In the image below, I used Wet Body Geometry Shells by SimonWM. This is what I did –
- I apply the Wet Body geometry shell to a G2F figure (Victoria 6).
- I select all surfaces on the geometry shell and apply the Iray Uber shader.
- I set Glossy Weight to 1.0, Glossy Reflectivity to 1.0, and Glossy Roughness to 0.
- Finally, I can further control the strength of the drops by changing Translucency Weight. A value of 0 has the strongest wet map.

This first image has a stronger wet body look, and uses the specular Sweat Rolling map. For contrast, we also use a more subtle wet body look, and the Water Beads specular map.

Thanks so much for this wonderful tutorial!
You are very welcome and thank you so much for checking it out! 🙂
I added the same bump as displacement map for geometry realism. Must say, it looks good
Great idea! Thanks for sharing.
Hi ShibaShake,
This tutorial is really great. The only part I’m struggling with is the part of the cutout opacity. I tried a dozen of variants but no matter what I do, I can’t get a single drop effect…
Can you share your knowledge here ?
– What’s your map size in pixels (maybe mine is to small) ?
– How many tiles did you set (maybe in combination with about, I have not enough drops) ?
– Is your map mainly… black? White? Grey ? (maybe I’m using a wrong map) ?
– What’s your cutout opacity value (tried various settings, no effect but could be related with above) ?
Thanks & best regrads,
Uezi
Thank you Uezi. As I understand it, with the Cutout Opacity map, white = visible and black = not visible. Shades in-between will be partly visible according to how white it is. The value controls the strength of the entire map. So, for example, when hair appears too wispy, we may increase the cutout opacity value to make it appear more solid.
The map I used was 800×800 and I set Vertical and Horizontal tiles to 5.

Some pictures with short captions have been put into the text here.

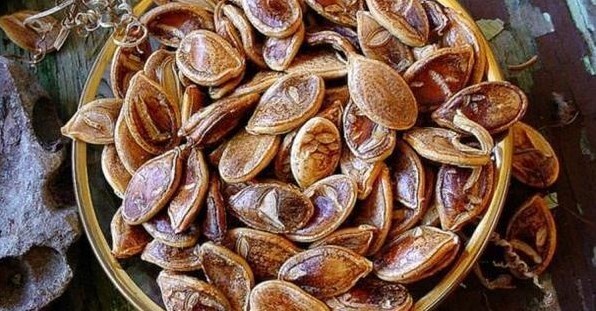 семечки тыквы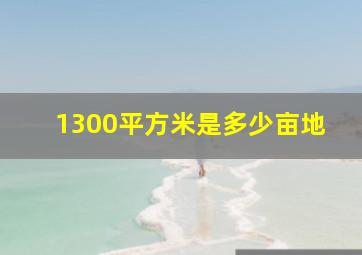 1300平方米是多少亩地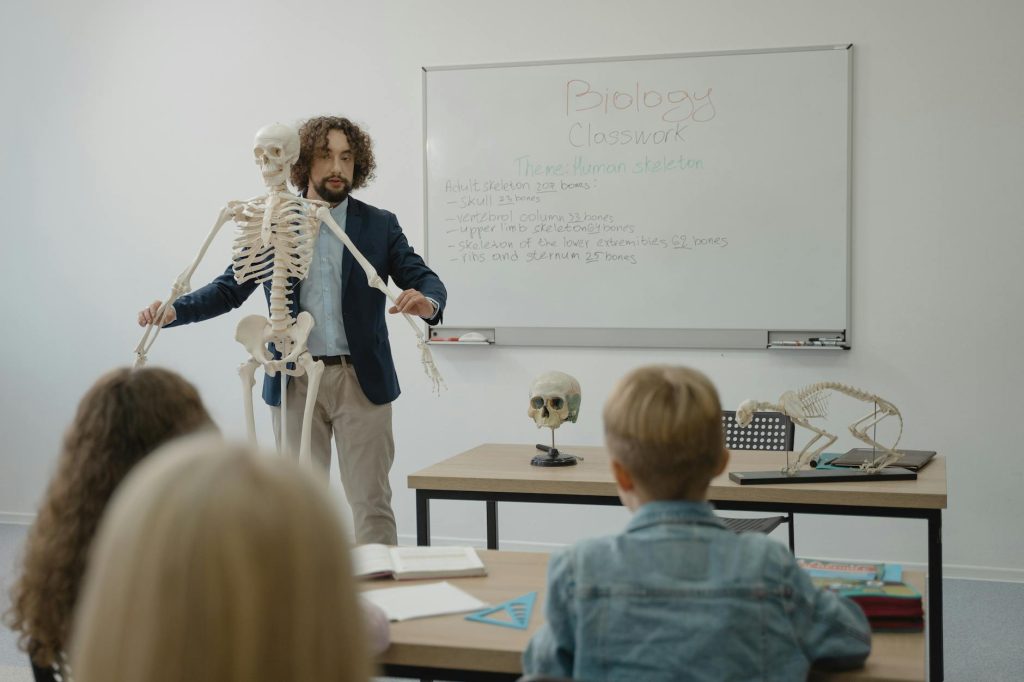 Understanding Bipedalism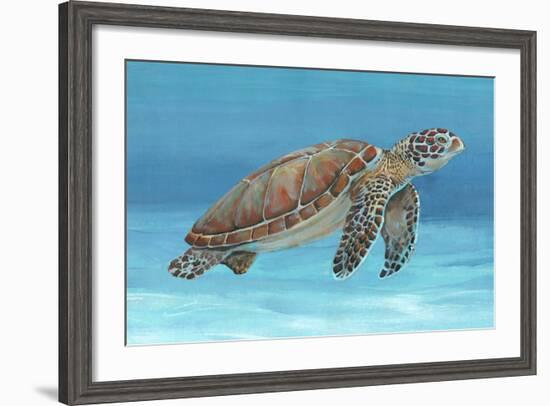 Ocean Sea Turtle I-Tim O'toole-Framed Art Print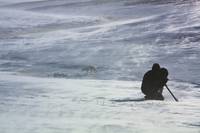 Кадр Россия — царство тигров, медведей и вулканов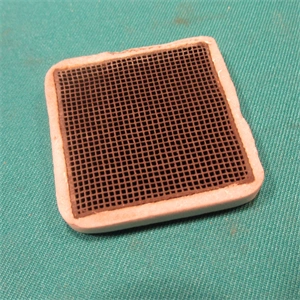 Aktív szénszűrő ( eredeti ) SAMSUNG hűtőgép / RENDELÉSRE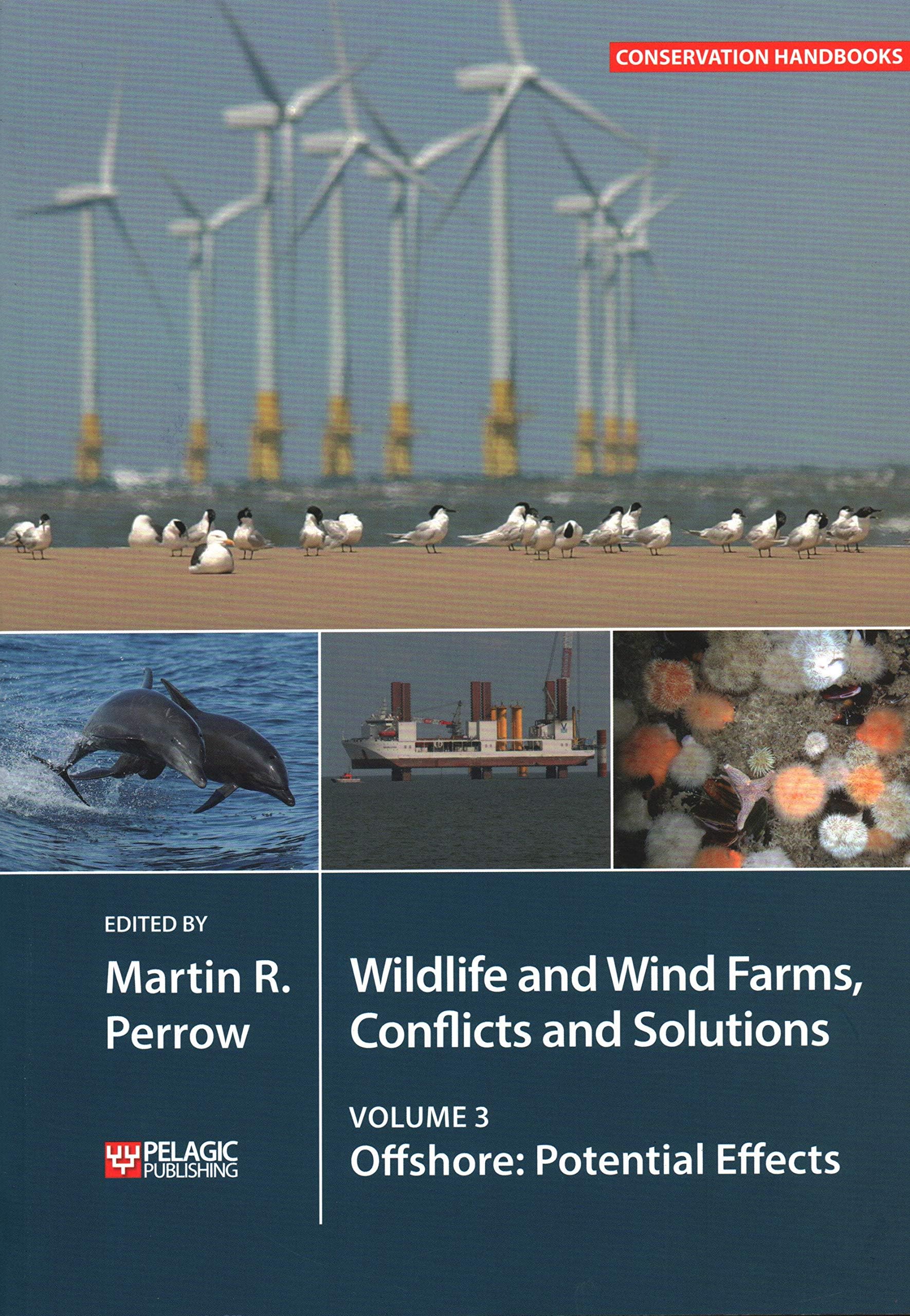 Wildlife and Wind Farms - Conflicts and Solutions: Offshore: Potential Effects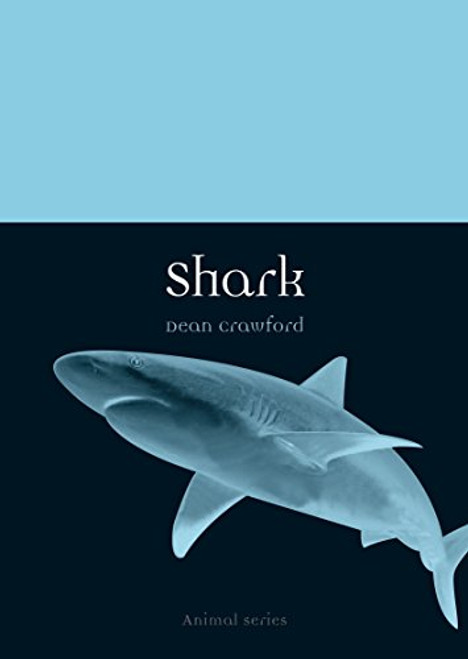 Shark (Animal)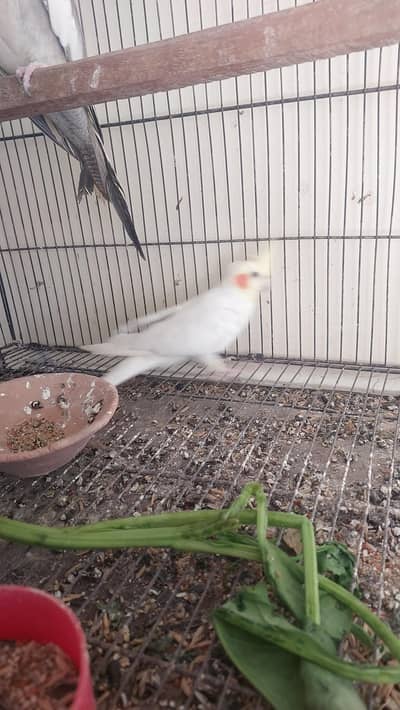 cocktails and love birds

Hello, I cant support another Patreon at the moment but, I simply must say, You have likely saved me since i moved to Gen 3’s for all my rendering. This guide alone has helped me and allowed me to again start using water in my scenes.
Thank you! That is so good to hear. 😀
hi can you please tell me where you got that water bump image
ty so much
i am trying to do the wet skin,oily skin also and its not coming out right
Hello frank, I don’t remember exactly where I got it from. It was just one with condensation drops in grayscale, so anything like that would work. The image is just to give the added look of some water drops. To get the more wet look on the skin I changed the skin shader parameters.
In case anyone else is having the same trouble finding a map, this one seemed to work well when applied to cutout opacity and bump: https://image.ibb.co/f19Kiv/Water_Condensation.png
I tried the wet skin tutorial, but after I applied the Geometry Shell, applied the iRay water shader, set to offset .001, when I render, V7 is all white. What did I do wrong? Thanks.
Sounds like a shader issue, i.e. the shader was not applied to the shell surfaces. Try going into the surface tab, go to Edit, and select all the surfaces on the geometry shell. Then go back to Presets and apply the Iray water shader.
Can you tell us specifically what light set-up you are using?
Thanks!
In the final piece, I used an IBL, three mesh lights (set up according to the 3 point light system), and a volumetric spotlight.
Thanks for the quick response, can you tell me approximately what settings you used.
Actually, a more advanced tutorial on IRay lighting would be much appreciated, I’m struggling with it a bit.
BTW, great website!
Actually, I was interested in the lightning for the “Wet-Skin-Iray-8.jpg” image.
Thanks christian.
That image uses pretty much the same lighting, except without the volumetric spotlight and with less postwork. And yes, definitely have that tutorial on my to-do list, just too many things to do. 🙂
Wow. Just wow. Thanks a lot for this – it’s really quite useful and has taken my renders up a notch!
You are very welcome. 😀
Thank you for your amazing tutorials, I’ve been sitting on the fence for awhile but your clear and concise tutorials make it easy to take the plunge into the new Daz from Poser.
Haha, at the very least, it will be a very interesting experience. Feel free to ask questions here, or the people on the Daz Forum are helpful as well. 😀
Interesting, fun and often frustrating;)
lol! Yeah, sounds about right!
Very very useful. Thanks for this tut!